Voltar da feira ou do supermercado com uma boa variedade de legumes, verduras e frutas é algo cada vez mais difícil na realidade dos brasileiros hoje. Com a inflação fazendo os preços dispararem, tornou-se fundamental aproveitar ao máximo os alimentos e evitar desperdícios. Talos, cascas, folhas e sementes, por exemplo, são algumas partes que normalmente são jogadas fora, mas que poderiam ser aproveitadas para aumentar o aporte nutricional das refeições e, até mesmo, preparar sobremesas.
“O aproveitamento integral dos alimentos não é um conceito que deve ser aproveitado somente em momentos de alta dos preços. O não desperdício deve ser realizado no dia a dia por qualquer pessoa, em qualquer faixa de renda, porque traz excelentes nutrientes para o organismo. Muitas fibras, antioxidantes e micronutrientes estão presentes nessas partes de alimentos que são, geralmente, desprezadas. Esses nutrientes estão relacionados com a boa saúde metabólica, prevenindo diversas doenças, inclusive o câncer”, afirma a nutróloga Marcella Garcez, diretora e professora da Associação Brasileira de Nutrologia (Abran).
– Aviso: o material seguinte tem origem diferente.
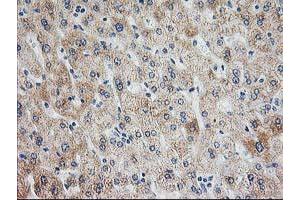 Image no. 2 for anti-Adenylate Kinase 4 (AK4) antibody (ABIN1496526)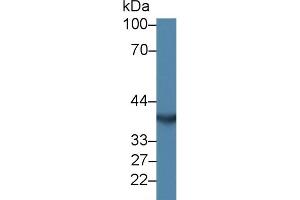 Western Blotting (WB) image for anti-Chordin-Like 1 (CHRDL1) (AA 272-447) antibody (ABIN7442435)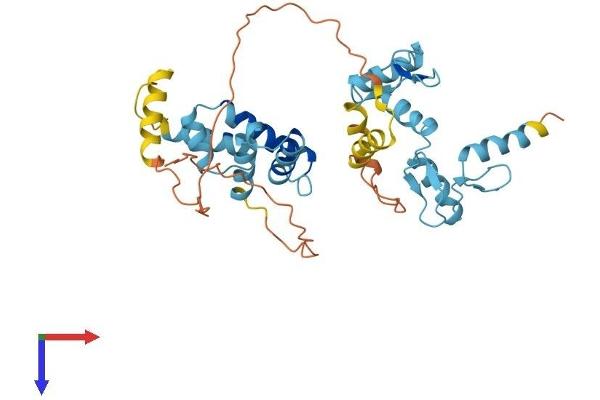 ZSCAN16 Protein (AA 1-348) (His tag)
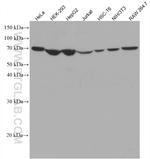 SDHA Antibody in Western Blot (WB)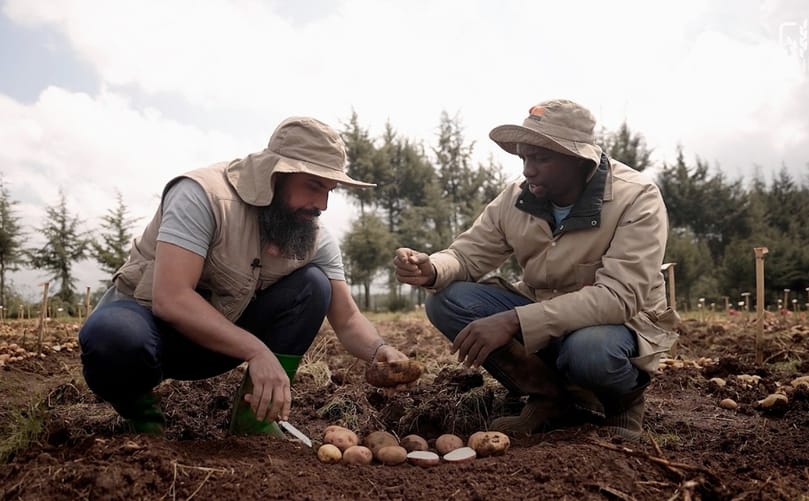 How Wild Potato Genes Can Help East African Farmers Beat the 'Chemical Tax' How Wild Potato Genes Can Help East African Farmers Beat the 'Chemical Tax'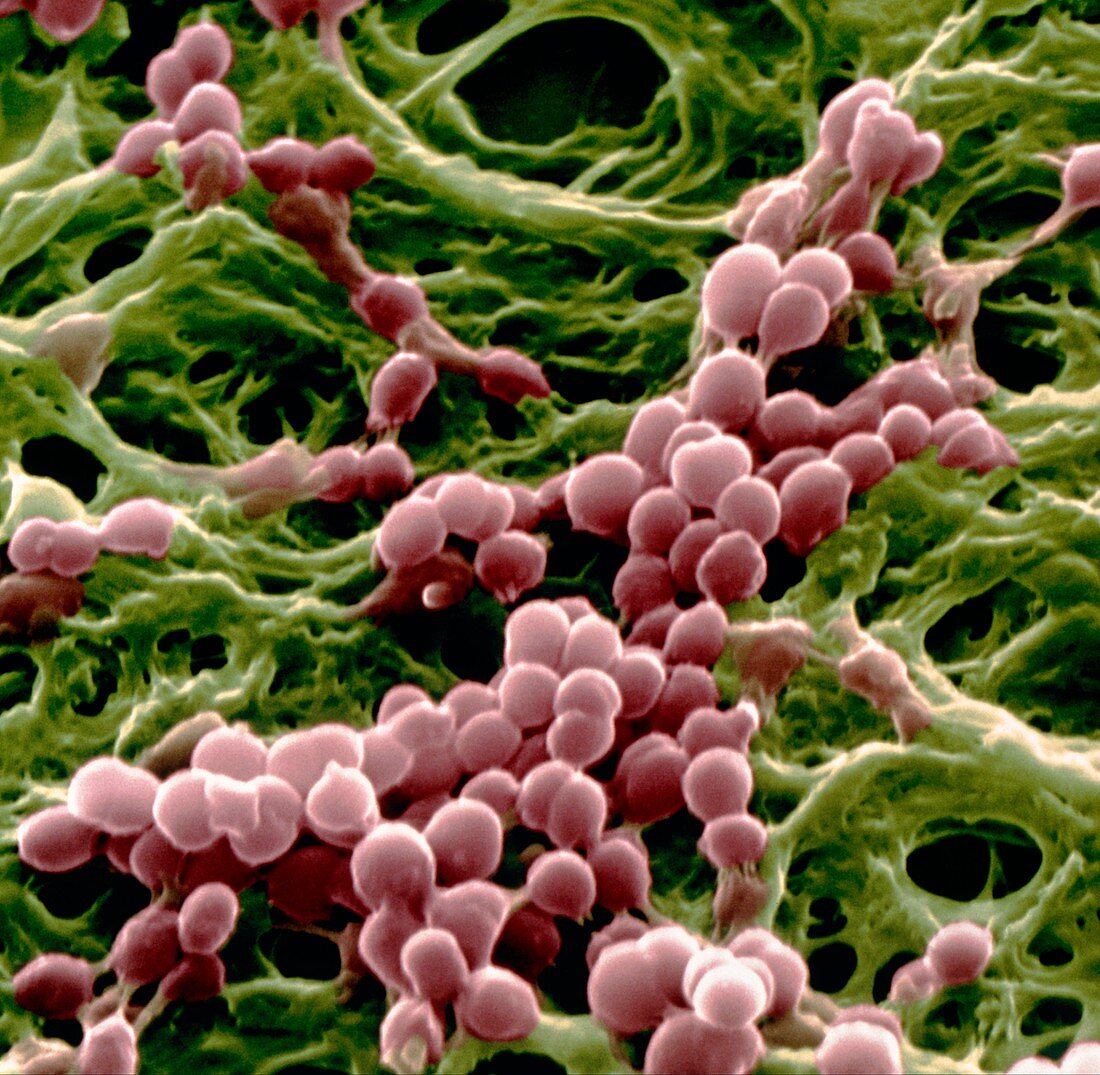 Branhamella catarrhalis bacteria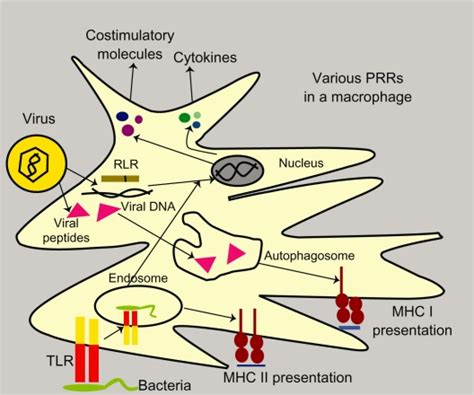 Pathogen Recognition By Dendritic Cells In Mucosa By Toll Like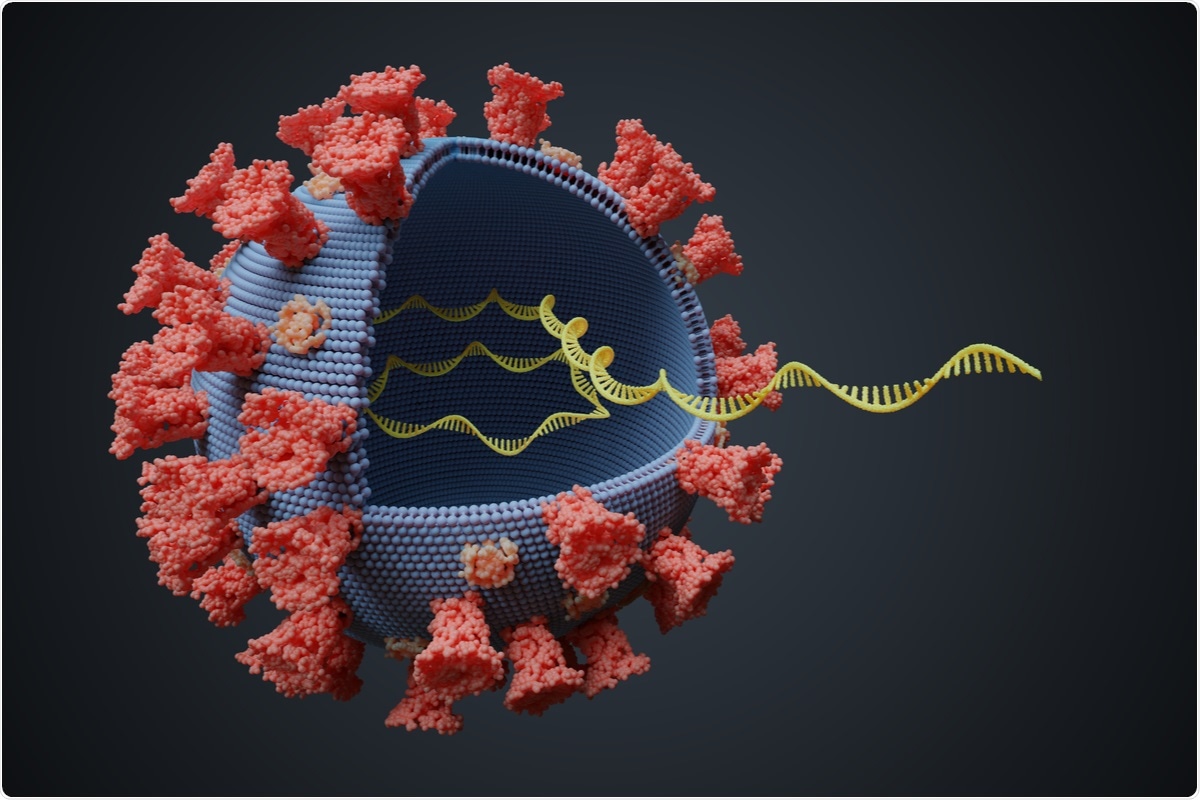 Study identifies key features in SARS-CoV-2 genome essential for  replication in respiratory cells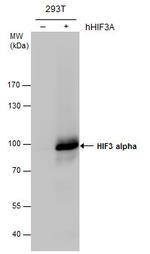 HIF3A Antibody in Western Blot (WB)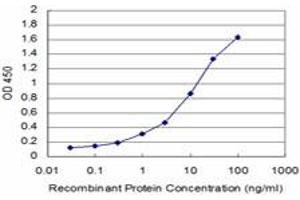 Detection limit for recombinant GST tagged GTF2H1 is approximately 0. (GTF2H1 antibody  (AA 449-548))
O Relatório do Índice de Desperdício Alimentar 2021 do Programa das Nações Unidas para o Meio Ambiente (PNUMA) estima que 12,5 milhões de toneladas de alimentos sejam desperdiçados pelas famílias brasileiras anualmente. Dados globais do documento apontam que cerca de 17% do total de alimentos disponíveis aos consumidores foram para o lixo das residências, varejo, restaurantes e outros serviços alimentares em 2019. Já a FAO (Organização das Nações Unidas para a Alimentação e a Agricultura) calcula que 931 milhões de toneladas de comida vão parar no lixo todos os anos. Além do desperdício de alimentos, todos os recursos utilizados na produção alimentar, incluindo água, uso da terra, energia, trabalho humano e capital, também são jogados fora.
“Sempre tivemos muita fartura no Brasil por conta da nossa terra, que é muito fértil. Nunca passamos por uma grande experiência de privação de alimentos. Por isso, tendemos a comer o que é convencional e isso vai passando de geração em geração. Se você só vê a sua mãe cozinhando as flores dos brócolis, você não vai pensar em cozinhar aquela parte que é desprezada na feira”, explica a nutricionista Priscilla Primi, colunista do GLOBO e mestre pela Faculdade de Saúde Pública da Universidade de São Paulo (USP).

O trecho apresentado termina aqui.